MSU plays a big game, and people gather. Win or lose, furniture and anything else disposable is dragged into the street. 

It’s no secret what happens next, because Cedar Village gatherings have become synonymous with March Madness and destruction. Wide-eyed freshmen flock there to bear witness — they've heard stories about this from parents and older siblings. And in 20-some years, they want to tell their kids, too.

Those who live nearby can’t escape the stigma. Some wear their apartment’s history as a badge of honor. Some say they don't care and live there because it's across the street from campus. Others in the neighborhood try to distance themselves, but if they live within a few blocks, they can count themselves as members.

Because Cedar Village isn’t just an apartment complex.

It’s a brand. It’s a tradition.

It’s a culture.

Connection to Athletics

It was one of the worst games in Duke's 1999 season.

Missed shots, too many fouls, poorly executed defense and missed free throws in the last five minutes — and they were up against the tough No. 2 seeded Spartans in the Final Four, with legends like Mateen Cleaves out on the court.

But ultimately, it was the Blue Devils who overpowered the Spartans that night in St. Petersburg, FL with a 68-62 victory.

Back at home, Cedar Village sprung to life. Once known for pre-organized Cedar Fests in May and October, that night in March, it earned a new reputation as a destination for raucous NCAA tournament celebration, win or lose.

In 1999, it was MSU's first time appearing in the Final Four in more than 20 years. Students and locals responded to the disappointing loss with a riot that left eight cars torched, 24 windows broken and 24 people arrested, 11 of them MSU students, according to MSU archives.

Head coach Tom Izzo was outraged.

"You know darn well there's 4,000 or 5,000 students in the riot and 400 or 500 were involved," he told the State News at the time. "I would love for those 400 or 500 to get mad and say they were never coming to another game.

"I will buy their tickets," Izzo said. "I will pay them for their tickets not to come."

But not even disapproval from the beloved Izzo — or his pleas for good behavior, sent in email messages to students prior to games in later years — has managed to inhibit what's become a tournament tradition.

Similar revelries took place in 2003 and 2005, after NCAA tournament losses to Texas and the University of North Carolina, respectively.

On March 30, 2003, about 2,000 people flooded East Lansing streets, causing about $40,000 in damage.
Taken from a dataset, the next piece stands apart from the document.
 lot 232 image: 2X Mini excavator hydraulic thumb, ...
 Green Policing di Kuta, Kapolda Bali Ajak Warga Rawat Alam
Police released more than 135 canisters of chemical ammunition, or tear gas, on campus and in the city, attempting to disperse the revelers. About 30 revelers were arrested in the 2003 disturbances.

In 2005, 21 students were arrested at Cedar Village and the East Lansing Police Department found themselves under fire for releasing tear gas within 20 minutes of the end of the UNC game to disperse large crowds, according to State News archives.

MSU alumnus Jacob Courville attended MSU between 2001 and 2005 during both disturbances.

Before social media became a prominent fixture in the day to day life of the average MSU student, they relied on word of mouth. When it came to Cedar Village, Courville said, "people just knew to come."

Courville might have felt the burning sting of tear gas himself on more than one occasion, but he knew the complex's infamy began long before.

"In 1999, we were playing Duke the first time it happened," he recalled. "For whatever the reason after that, it just became a quick and recognizable tradition. Anytime we were anywhere in the tournament, win or lose, Cedar Village was the place to congregate."

As for police response, it was simply an uneven ratio.

"You'd see a very large group of students and a disproportionate amount of police, and all of a sudden you'd see the tear gas," Courville said. "It was how they dealt with it."

Courville remembers knowing to head to Cedar Village for a good time even before the "ubiquity of sharing things on Facebook."

It was an incredibly popular place to live and not just to visit, but not because of its facilities, he said.

"It was well known as a place that was kind of crusty and overpriced," Courville said. "But if you wanted to be in the middle of the action, of the party, that's where you lived. No one was living there for the amenities, and I'm sure that's still the case."